So what problem could I possibly have with this admittedly slow trend in the right direction. Ultimately, all of these arguments are about what is obscene and what isn't, and it's a bit sickening to watch one book defending its freedom of expression by drawing a distinction between themselves and books that are really obscene. The argument completely buys into the idea that censorship of sexually explicit material is all right and throws many other people who's freedom of expression has been curtailed under the bus. And, yes, I know that laws change gradually and a lot of the practice of law is about making the argument that is practical rather than the argument that is ethical or right. That, more than anything, is probably what contributes to my feeling that the law is a dirty, shameful business all around.

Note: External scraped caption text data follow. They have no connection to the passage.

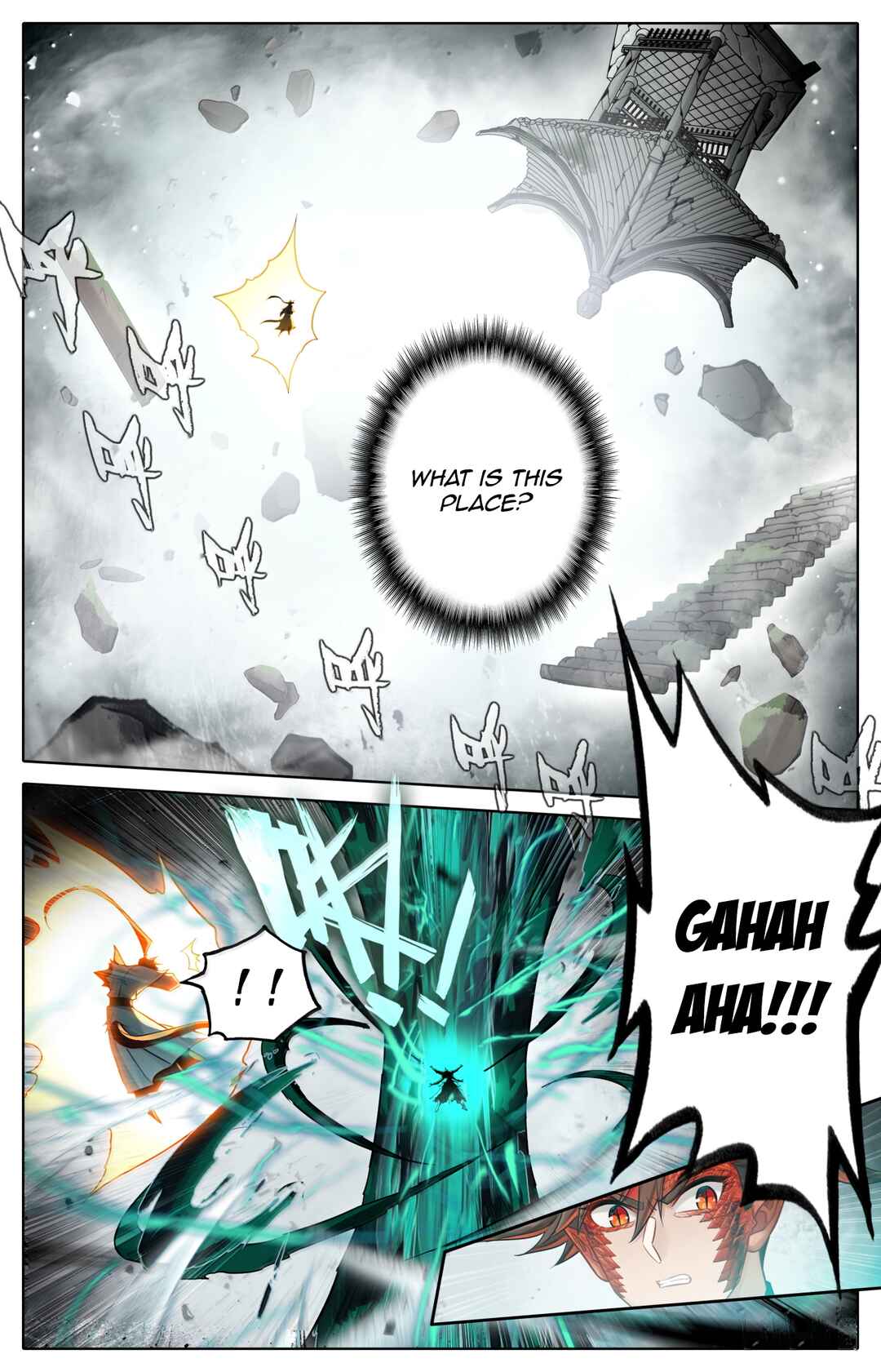 Chapter 376 - Page 9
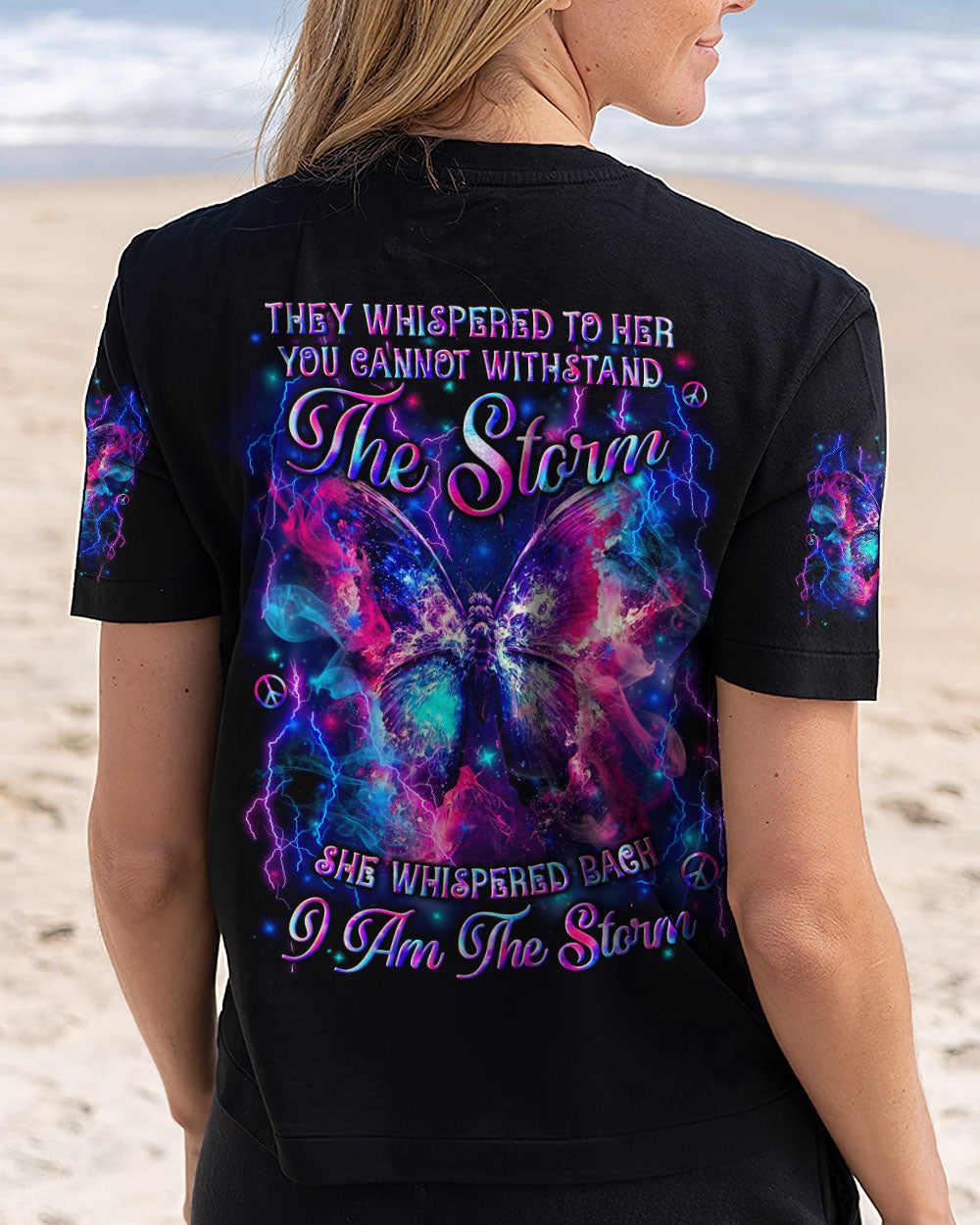 I AM THE STORM BUTTERFLY ALL OVER PRINT - YHLN0404251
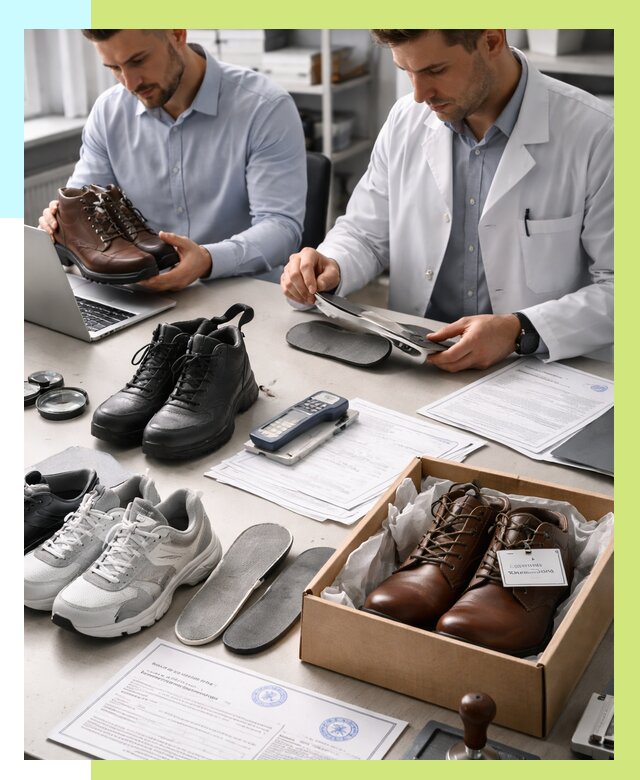 Сертификация обуви и сертификаты в Тынде от 10277 р. | Алешин-Тнд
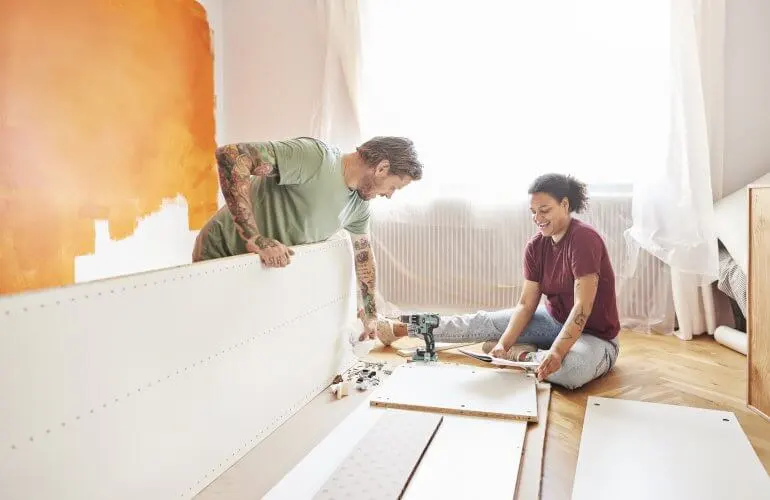 Quels travaux de rénovation pouvez-vous effectuer en tant que locataire ?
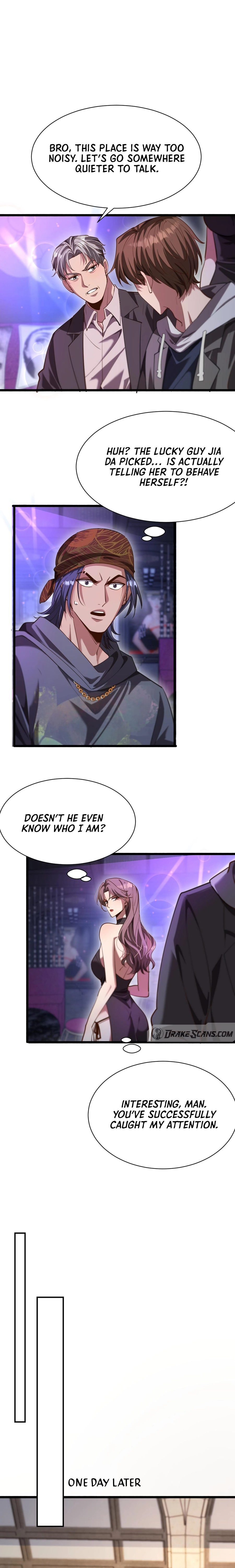 I’m Trapped In This Day For One Thousand Years Chapter 149 - page 3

I understand why things had to unfold the way they did. If lawyers for Ulysses had chosen not to argue that Ulysses should be decriminalized because it had artistic merit, and had instead argued that all sexual content should be protected by freedom of speech (including gay, sadomasochistic erotic novels, for example) a 1933 judge would have laughed them out of the courtroom and the Comstock Laws would still be in effect. I'm not saying that anyone should have done anything differently. I'm just saying that such a calculating and cowardly strategy doesn't deserve to be celebrated quite so much. We eventually got where we needed to go but a lot of innocent writers, artists, publishers and merchants had to go to jail in the meantime.